Lorrie Brooks was selected as one of 51 finalists in the American Advertising Federationís Most Promising Minority Students ProgramLorrie Brooks has toured New York City’s Madison Avenue, seen her face in USA Today and Advertising Age, and met with recruiters from the nation’s top advertising agencies.

And the Antioch, Tennessee, native hasn’t even graduated from college.

A Great Honor

Brooks, 21, a senior in advertising at the University of Tennessee, was selected as one of 51 finalists in the American Advertising Federation’s Most Promising Minority Students Program. She was honored by the AAF in February at a luncheon at the New York Athletic Club in New York City.

“This is a major honor for Lorrie, the advertising program, and UT,” said Eric Haley, the advertising/public relations professor who nominated Brooks for the award. “It’s great to see national organizations like the AAF recognize the tremendous talent we have among our students.”

Brooks also participated in a three-day conference. The group heard from leaders in the advertising field and met with recruiters from leading advertising agencies.

An Experience to Treasure

“I think that it was an absolute honor, not only to get nominated, but also to be chosen as a finalist,” Brooks said. “From meeting with individual companies, interviewing for entry-level job positions and being in New York for the first time, this is one experience that I will treasure for the rest of my life.”

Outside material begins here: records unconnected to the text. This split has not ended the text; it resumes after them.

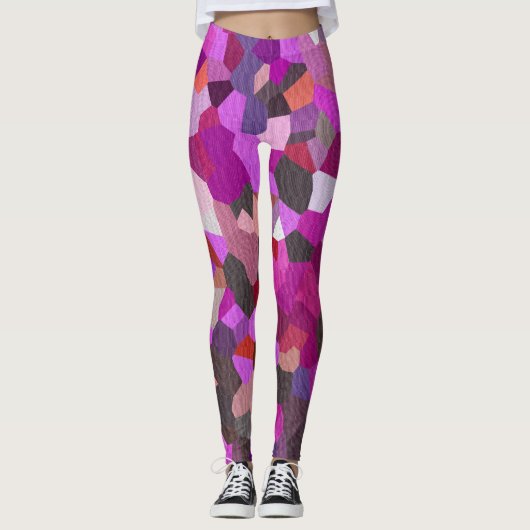 Confetti Magenta Mind Leggings (Voorkant)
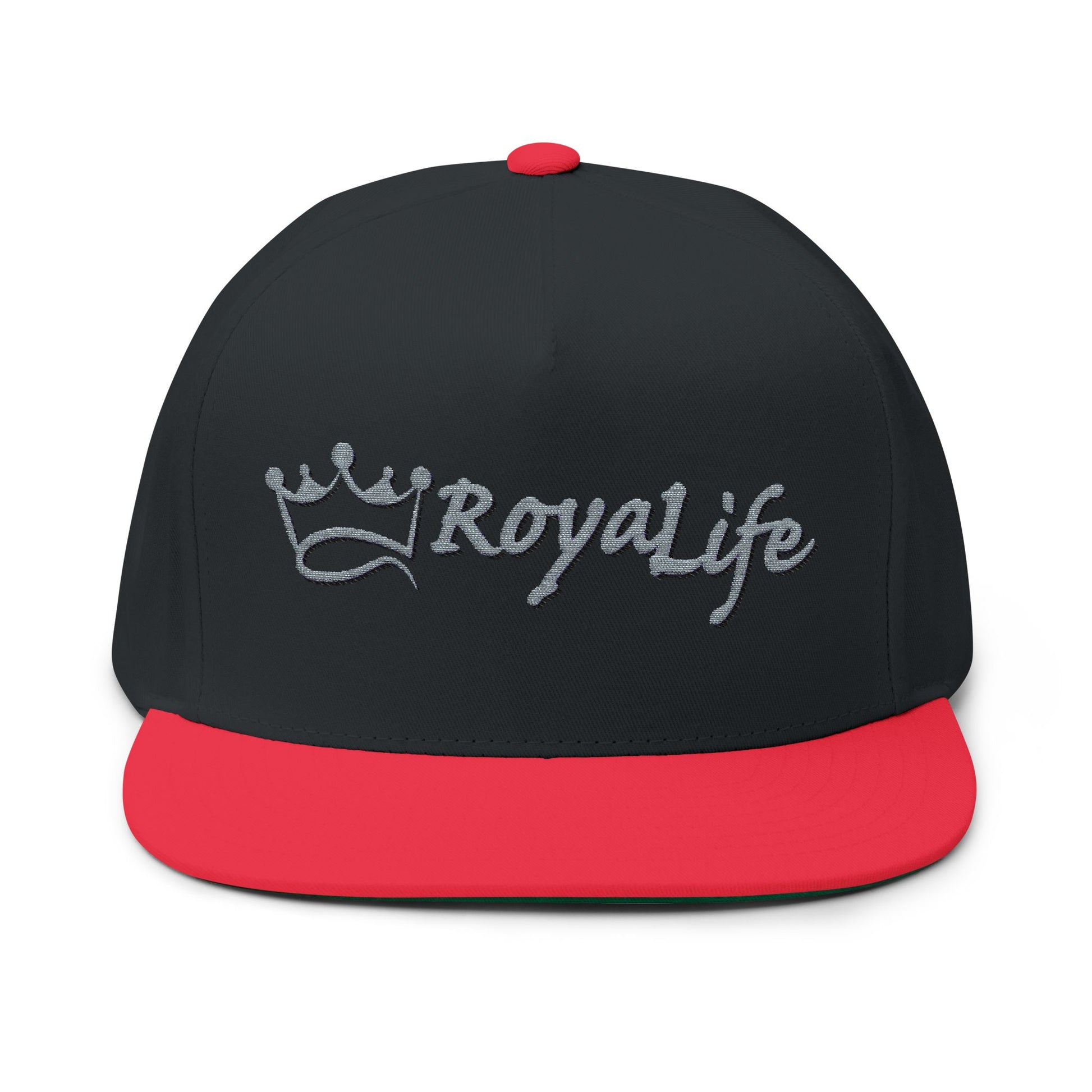 Royal Life Embroidered Flat Bill Cap - Trendy Adjustable Hat for Streetwear and Casual Outfit, Gifts for Style Enthusiasts, Men and Women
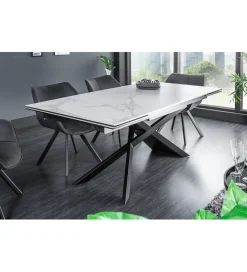 Stół rozkładany ONTARIO Euphoria 180 cm - 220 cm - 260 cm ceramika w optyce marmuru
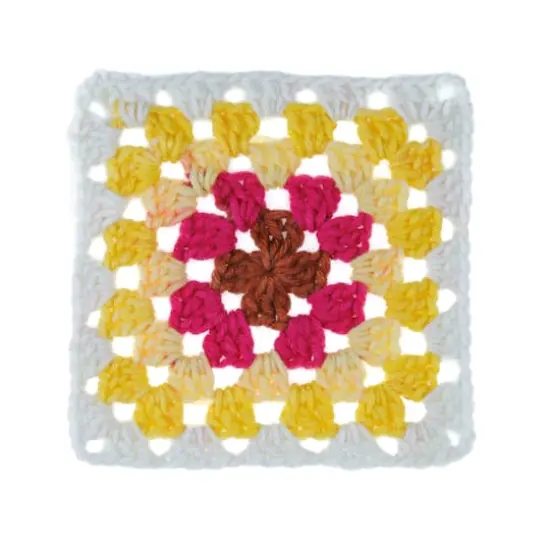 Red Heart&reg; All in One&trade; Granny Square&trade; Yarn Soft White - Buttercup Blush {4}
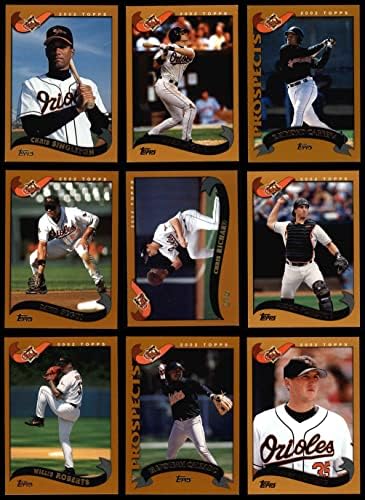 2002 Topps Baltimore Orioles Szinte Teljes Csapat készen áll Baltimore Orioles (Set) NM/MT Orioles
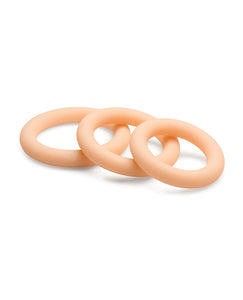 Curve Toys Jock Silicone Cock Ring Trio - Light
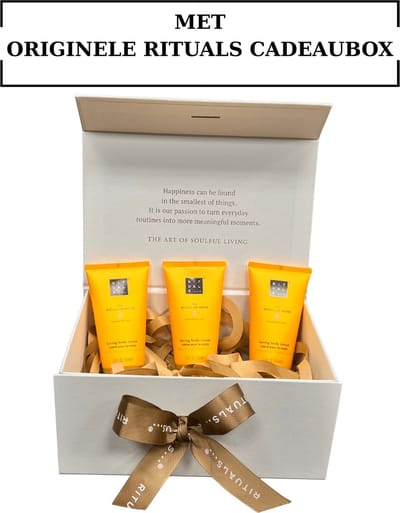 Rituals of Mehr - Geschenkset - Body Cream 100ml x 3 = 300 ml - Originele RITUALS Cadeaubox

The Most Promising Minority Student Program began in 1997 as a way for AAF corporate members to find qualified minority candidates for jobs in advertising. This year’s 51 finalists represent 35 colleges and make up the largest class of honorees to date.

Brooks also is the recipient of an African American Achiever Scholarship, an African American Challenge Grant and a Trustees’ Scholarship. “UT gave me a chance to grow and become who I want to be. It’s home to me. I didn’t think it would be, but I’ve built a network of friends here. I’ll really miss it when I graduate,” she said.